__Task statement__. Begin your copy at the line that contains "元素周期表图标包设计图片素材" and carry it on, exactly, to the last line of the material below.

[Start of Attachment]

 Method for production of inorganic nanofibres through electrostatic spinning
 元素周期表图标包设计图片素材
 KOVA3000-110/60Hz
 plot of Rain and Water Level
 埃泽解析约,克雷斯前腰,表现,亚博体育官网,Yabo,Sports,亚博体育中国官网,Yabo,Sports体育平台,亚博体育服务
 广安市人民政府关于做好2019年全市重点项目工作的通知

[End of Attachment]

__Solution for this problem__.
 元素周期表图标包设计图片素材
 KOVA3000-110/60Hz
 plot of Rain and Water Level
 埃泽解析约,克雷斯前腰,表现,亚博体育官网,Yabo,Sports,亚博体育中国官网,Yabo,Sports体育平台,亚博体育服务
 广安市人民政府关于做好2019年全市重点项目工作的通知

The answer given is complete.